Left-Leaning Pollster Shows Beto O'Rourke Down Nearly 20 Percent in Texas Gubernatorial Race

AP Photo/John Minchillo

Texas gubernatorial candidate Beto O’Rourke (D-Texas) is trailing Republican Gov. Greg Abbott by 18.3 percent in a new poll from the Democrat-supportive Blueprint Polling/Chism Strategies.


In the survey of 603 Texas voters, 55.5 percent said they were “definitely” or “leaning toward” Abbott, compared with just 37.2 percent saying the same for O’Rourke, who formerly represented the El Paso area in the U.S. House.

Seven percent are unsure, and there is a 15.6 percent gap between those “definitely” voting for either candidate.
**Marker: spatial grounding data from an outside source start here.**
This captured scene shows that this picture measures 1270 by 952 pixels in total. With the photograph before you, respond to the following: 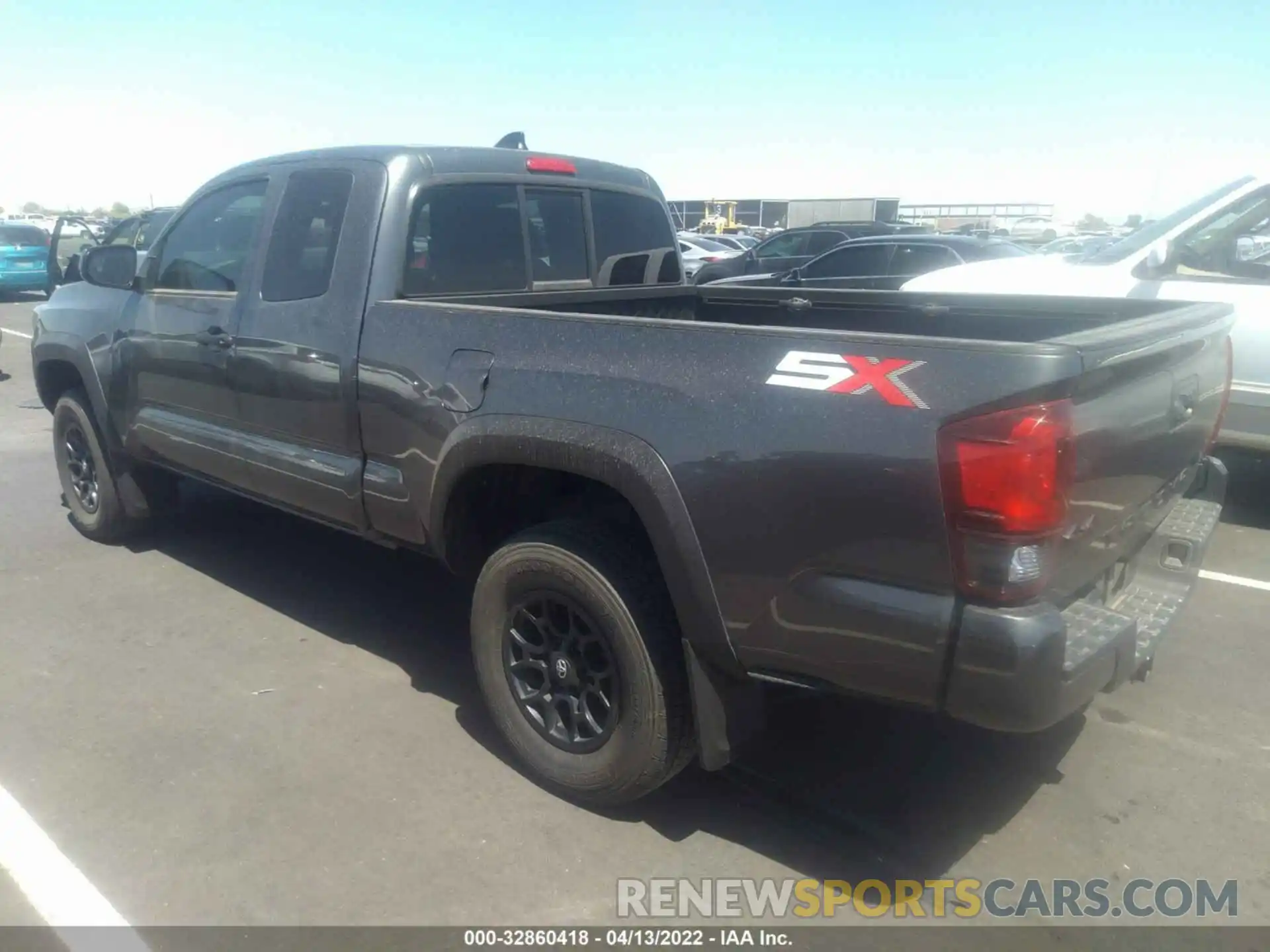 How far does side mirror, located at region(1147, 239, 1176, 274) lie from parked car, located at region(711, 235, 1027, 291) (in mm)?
6353

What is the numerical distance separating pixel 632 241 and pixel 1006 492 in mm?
2862

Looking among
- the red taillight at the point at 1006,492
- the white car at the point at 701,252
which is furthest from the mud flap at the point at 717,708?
the white car at the point at 701,252

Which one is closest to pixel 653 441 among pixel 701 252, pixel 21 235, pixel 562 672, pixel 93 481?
pixel 562 672

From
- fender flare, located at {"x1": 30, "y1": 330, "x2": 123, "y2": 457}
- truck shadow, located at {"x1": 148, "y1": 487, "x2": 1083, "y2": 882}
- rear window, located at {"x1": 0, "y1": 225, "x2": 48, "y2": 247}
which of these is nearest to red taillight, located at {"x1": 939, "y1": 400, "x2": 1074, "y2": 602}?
→ truck shadow, located at {"x1": 148, "y1": 487, "x2": 1083, "y2": 882}

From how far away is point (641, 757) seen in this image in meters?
2.93

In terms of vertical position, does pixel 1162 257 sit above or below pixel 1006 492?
above

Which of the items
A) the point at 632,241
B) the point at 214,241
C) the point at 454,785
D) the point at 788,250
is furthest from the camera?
the point at 788,250

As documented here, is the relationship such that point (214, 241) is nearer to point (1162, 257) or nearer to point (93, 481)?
point (93, 481)

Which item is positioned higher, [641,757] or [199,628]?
[641,757]

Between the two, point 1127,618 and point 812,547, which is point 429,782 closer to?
point 812,547

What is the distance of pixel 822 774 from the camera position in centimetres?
338

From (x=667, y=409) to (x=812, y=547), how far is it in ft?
1.76

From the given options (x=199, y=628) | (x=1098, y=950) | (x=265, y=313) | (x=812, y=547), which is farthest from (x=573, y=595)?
(x=199, y=628)

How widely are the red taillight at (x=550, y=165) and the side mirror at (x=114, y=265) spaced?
80.6 inches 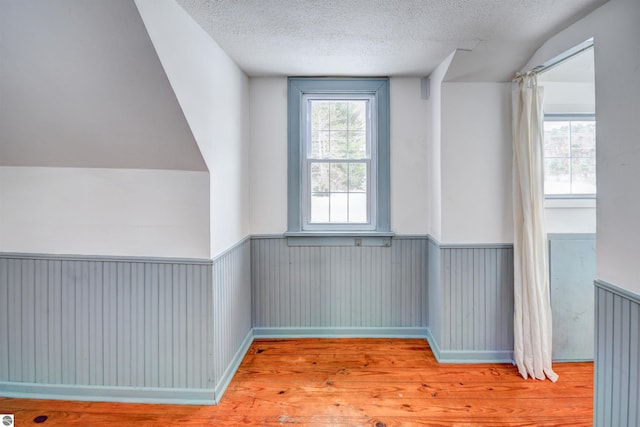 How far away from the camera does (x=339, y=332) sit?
119 inches

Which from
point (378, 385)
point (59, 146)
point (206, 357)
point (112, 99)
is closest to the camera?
point (112, 99)

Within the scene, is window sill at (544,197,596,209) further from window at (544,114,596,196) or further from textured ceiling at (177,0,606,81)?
textured ceiling at (177,0,606,81)

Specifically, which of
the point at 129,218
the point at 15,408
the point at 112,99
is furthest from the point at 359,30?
the point at 15,408

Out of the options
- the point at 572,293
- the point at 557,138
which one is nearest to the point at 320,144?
the point at 557,138

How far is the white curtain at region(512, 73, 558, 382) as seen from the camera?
2330 mm

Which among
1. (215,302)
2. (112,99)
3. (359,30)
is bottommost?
(215,302)

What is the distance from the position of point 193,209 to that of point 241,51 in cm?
116

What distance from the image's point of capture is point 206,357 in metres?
2.12

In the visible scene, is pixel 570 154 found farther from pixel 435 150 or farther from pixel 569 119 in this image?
pixel 435 150

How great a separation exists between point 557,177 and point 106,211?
3305 mm

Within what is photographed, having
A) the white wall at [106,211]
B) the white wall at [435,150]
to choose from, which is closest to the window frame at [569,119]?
the white wall at [435,150]

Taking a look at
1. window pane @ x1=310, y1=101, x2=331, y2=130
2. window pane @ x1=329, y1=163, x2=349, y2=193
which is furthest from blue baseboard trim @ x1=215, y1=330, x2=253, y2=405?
window pane @ x1=310, y1=101, x2=331, y2=130

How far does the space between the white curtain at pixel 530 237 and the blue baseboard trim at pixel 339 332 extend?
2.81 ft

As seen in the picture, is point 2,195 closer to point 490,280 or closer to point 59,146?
point 59,146
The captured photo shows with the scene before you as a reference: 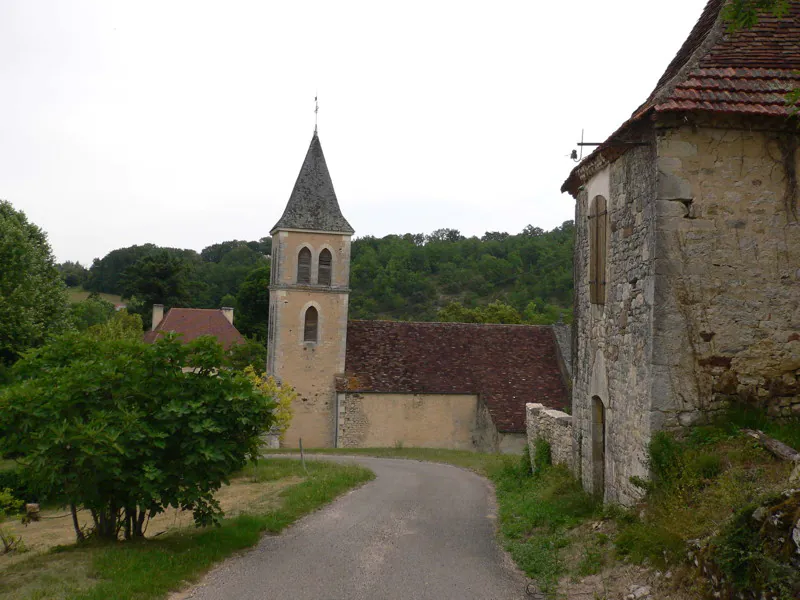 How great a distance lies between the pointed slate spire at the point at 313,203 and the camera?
28.4 metres

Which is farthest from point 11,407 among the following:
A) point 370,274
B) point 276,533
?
point 370,274

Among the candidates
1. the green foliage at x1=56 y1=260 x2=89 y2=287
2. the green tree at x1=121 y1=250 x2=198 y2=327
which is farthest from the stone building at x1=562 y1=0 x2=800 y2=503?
the green foliage at x1=56 y1=260 x2=89 y2=287

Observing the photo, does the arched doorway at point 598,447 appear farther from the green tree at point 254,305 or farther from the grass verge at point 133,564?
the green tree at point 254,305

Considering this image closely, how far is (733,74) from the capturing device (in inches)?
321

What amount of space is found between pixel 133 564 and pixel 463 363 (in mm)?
21779

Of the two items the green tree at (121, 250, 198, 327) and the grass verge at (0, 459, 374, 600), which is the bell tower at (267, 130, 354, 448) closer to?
the grass verge at (0, 459, 374, 600)

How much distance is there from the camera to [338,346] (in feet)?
92.5

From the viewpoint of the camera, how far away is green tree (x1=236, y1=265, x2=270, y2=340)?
48250 mm

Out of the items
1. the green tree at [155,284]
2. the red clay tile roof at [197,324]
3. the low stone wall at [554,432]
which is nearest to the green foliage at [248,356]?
the red clay tile roof at [197,324]

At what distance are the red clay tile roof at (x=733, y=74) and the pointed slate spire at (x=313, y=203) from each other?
1984 cm

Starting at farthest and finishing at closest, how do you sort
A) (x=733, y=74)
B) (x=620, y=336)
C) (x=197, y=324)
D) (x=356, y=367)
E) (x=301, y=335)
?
(x=197, y=324), (x=356, y=367), (x=301, y=335), (x=620, y=336), (x=733, y=74)

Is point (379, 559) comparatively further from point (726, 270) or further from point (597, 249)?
point (726, 270)

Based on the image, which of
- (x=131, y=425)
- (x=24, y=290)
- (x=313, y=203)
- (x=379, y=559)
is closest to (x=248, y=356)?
(x=313, y=203)

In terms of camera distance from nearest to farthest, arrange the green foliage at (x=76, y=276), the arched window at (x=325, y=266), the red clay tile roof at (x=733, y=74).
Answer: the red clay tile roof at (x=733, y=74), the arched window at (x=325, y=266), the green foliage at (x=76, y=276) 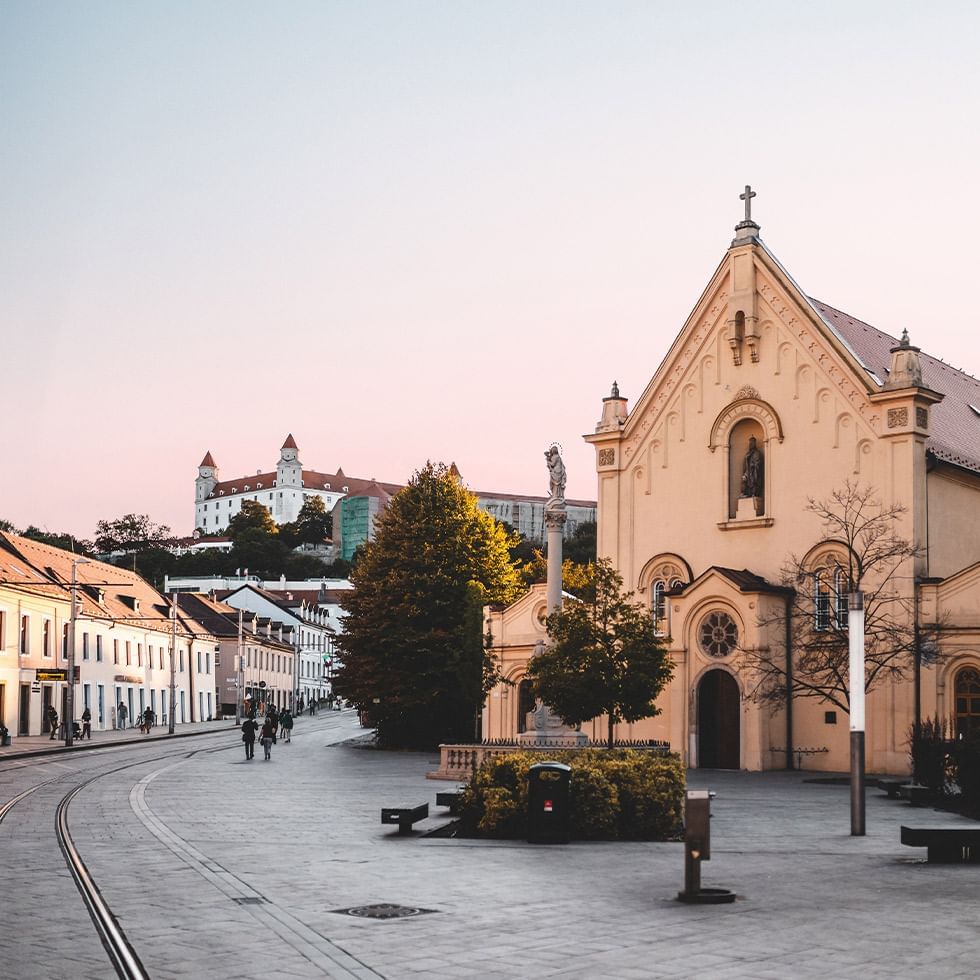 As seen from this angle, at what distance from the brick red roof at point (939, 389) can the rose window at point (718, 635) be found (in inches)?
315

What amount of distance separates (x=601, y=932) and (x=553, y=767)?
22.9 ft

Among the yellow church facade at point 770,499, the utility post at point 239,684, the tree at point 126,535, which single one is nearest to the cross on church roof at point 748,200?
the yellow church facade at point 770,499

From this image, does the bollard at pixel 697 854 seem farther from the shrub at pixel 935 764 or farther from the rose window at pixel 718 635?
the rose window at pixel 718 635

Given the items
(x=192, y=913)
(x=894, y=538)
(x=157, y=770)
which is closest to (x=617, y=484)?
(x=894, y=538)

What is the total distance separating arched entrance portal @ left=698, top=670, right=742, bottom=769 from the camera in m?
39.9

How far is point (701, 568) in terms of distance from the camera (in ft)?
142

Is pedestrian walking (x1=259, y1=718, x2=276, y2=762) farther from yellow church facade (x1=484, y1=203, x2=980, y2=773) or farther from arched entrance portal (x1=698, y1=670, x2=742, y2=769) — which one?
arched entrance portal (x1=698, y1=670, x2=742, y2=769)

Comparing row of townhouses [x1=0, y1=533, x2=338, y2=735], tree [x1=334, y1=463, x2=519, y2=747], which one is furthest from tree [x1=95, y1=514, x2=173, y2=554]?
tree [x1=334, y1=463, x2=519, y2=747]

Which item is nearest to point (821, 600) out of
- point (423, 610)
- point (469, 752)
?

The poll has a 3.99 percent margin of error.

The Real Clear Politics polling average for the race shows Abbott with a 6.7 percent lead average, and it does not include this survey.

Beyond the polls, O’Rourke is likely still working on overcoming a large money gap between him and his opponent.

As of February, Abbott is in a much better campaign finance position than the former presidential and senatorial candidate, as the incumbent had $62.6 million, which dwarfed O’Rourke’s $6 million, The Texas Tribune reported at the time.

The Democrat gained nationwide attention for interrupting a press conference featuring Abbott following the Uvalde, Texas, school shooting, so it will be interesting to see what his money shapes out to be when the next report is filed.

Regardless, these polling numbers are terrible for O’Rourke no matter how you slice it. As they come from a pollster that backs his own party, it shows an uphill battle and likely a damning fate for the candidate this November.


Democrats have been pushing for Texas to flip blue with a statewide victory for years but keep failing in their pursuit. O’Rourke quickly became popular among the party, despite narrowly losing to Sen. Ted Cruz (R-Texas) in 2018. Still, the race was sufficiently competitive that he felt prompted to launch a failed presidential bid in 2020.

He might be convinced that the third time is the charm to revive his political career, yet it will come across as embarrassing this time around. O’Rourke has a not-so-tough choice to make if he loses in November: retire from perpetual campaigning or continue to be a perennial candidate.

Sure, he’s only 49 years old, but age is not the only factor in determining whether or not it’s time to pass the torch. The political environment is different than it was in 2018, as there’s much more likely to be a red wave than a blue one. Unfortunately for O’Rourke, he’ll learn that the hard way.